Transcribe exactly the stretch of lines beginning at the one containing "Norev Porsche 911" and closing with the last line of the entries below. Omit images.

*** ENTRIES SHOWN ***

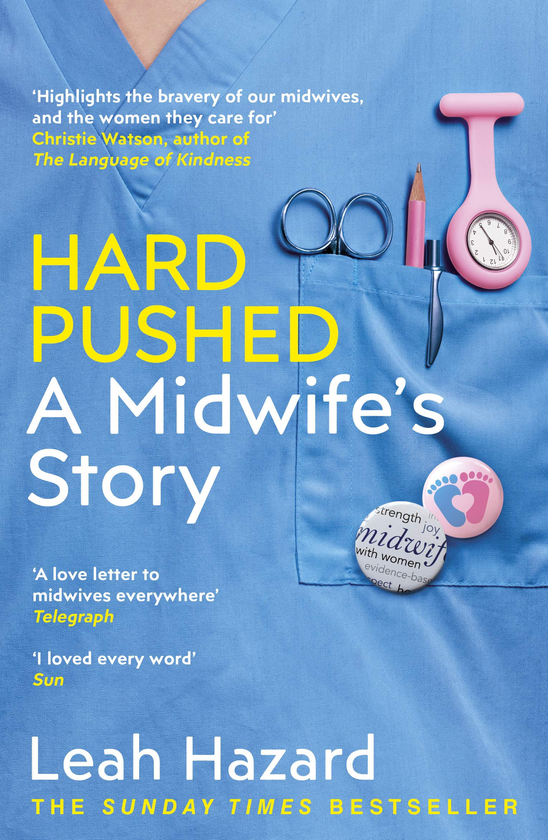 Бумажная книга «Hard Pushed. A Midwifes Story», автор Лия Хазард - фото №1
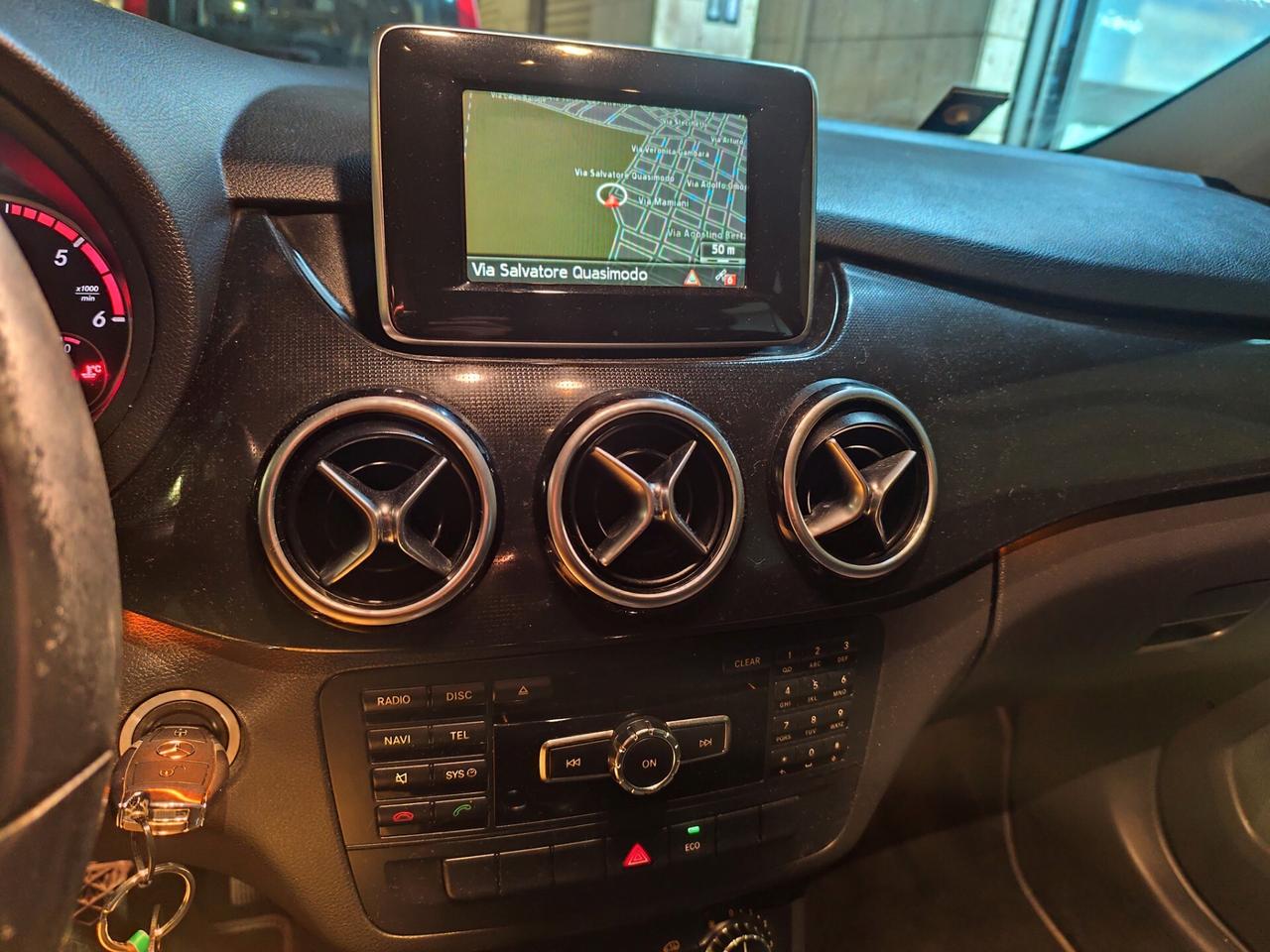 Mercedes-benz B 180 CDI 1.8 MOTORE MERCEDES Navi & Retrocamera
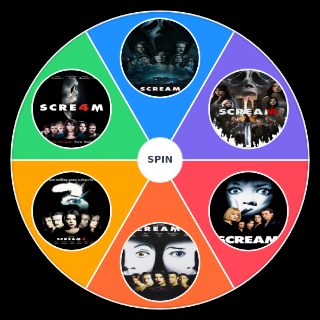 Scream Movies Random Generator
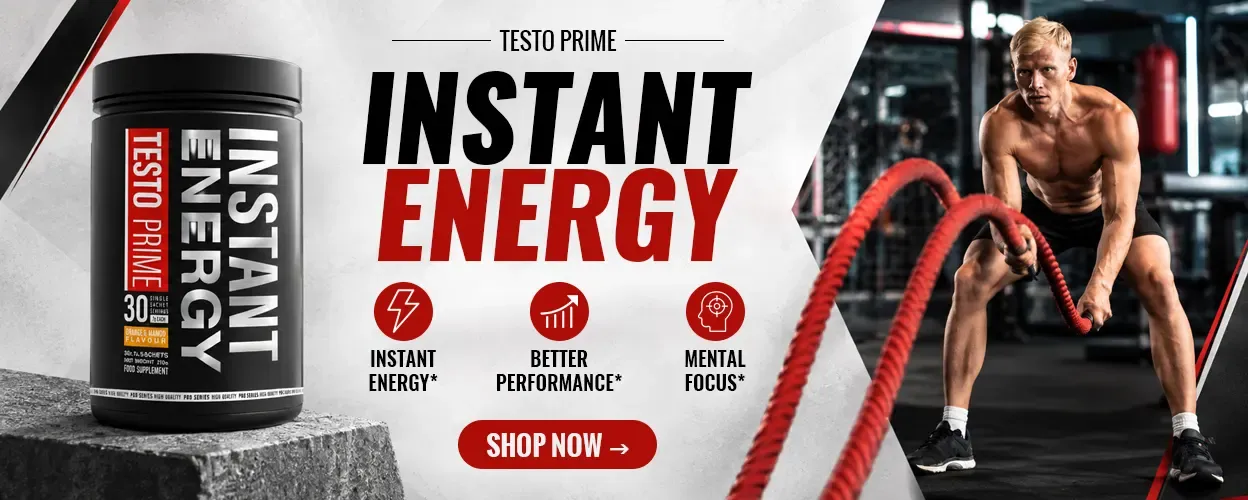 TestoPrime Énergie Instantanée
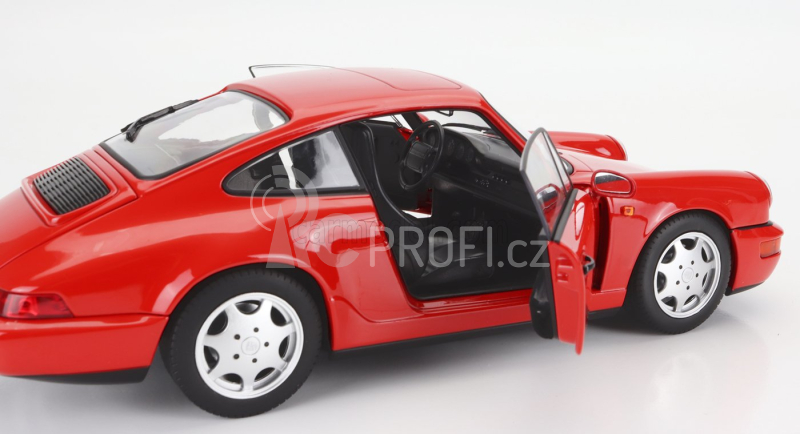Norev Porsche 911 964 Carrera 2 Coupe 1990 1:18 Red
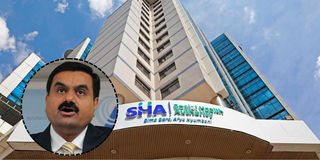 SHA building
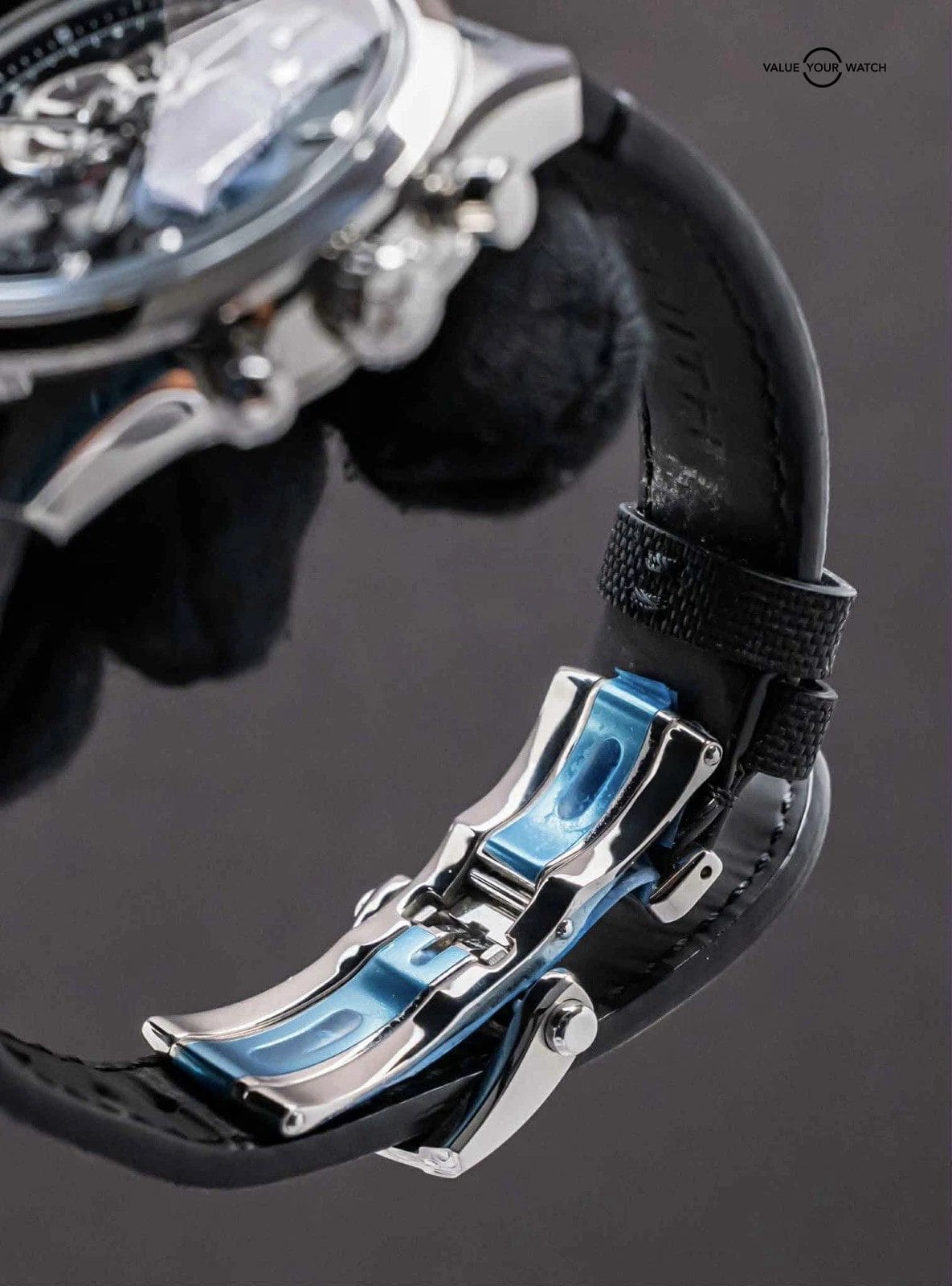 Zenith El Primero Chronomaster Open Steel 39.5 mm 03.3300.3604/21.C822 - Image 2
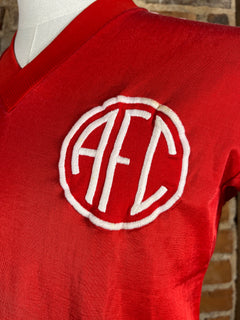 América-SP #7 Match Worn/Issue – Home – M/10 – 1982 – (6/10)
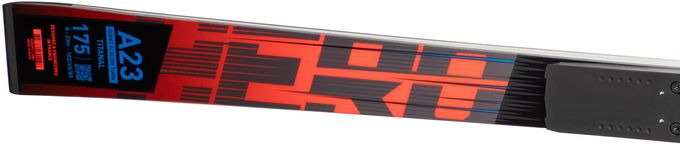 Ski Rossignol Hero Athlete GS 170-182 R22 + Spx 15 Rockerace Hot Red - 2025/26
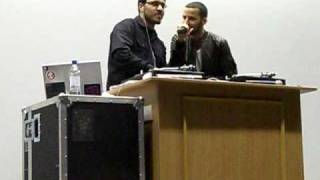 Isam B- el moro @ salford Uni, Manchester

*** End of ENTRIES SHOWN ***

▸ ANSWER FOR THIS EXERCISE
Norev Porsche 911 964 Carrera 2 Coupe 1990 1:18 Red
 SHA building
 Zenith El Primero Chronomaster Open Steel 39.5 mm 03.3300.3604/21.C822 - Image 2
 América-SP #7 Match Worn/Issue – Home – M/10 – 1982 – (6/10)
 Ski Rossignol Hero Athlete GS 170-182 R22 + Spx 15 Rockerace Hot Red - 2025/26
 Isam B- el moro @ salford Uni, Manchester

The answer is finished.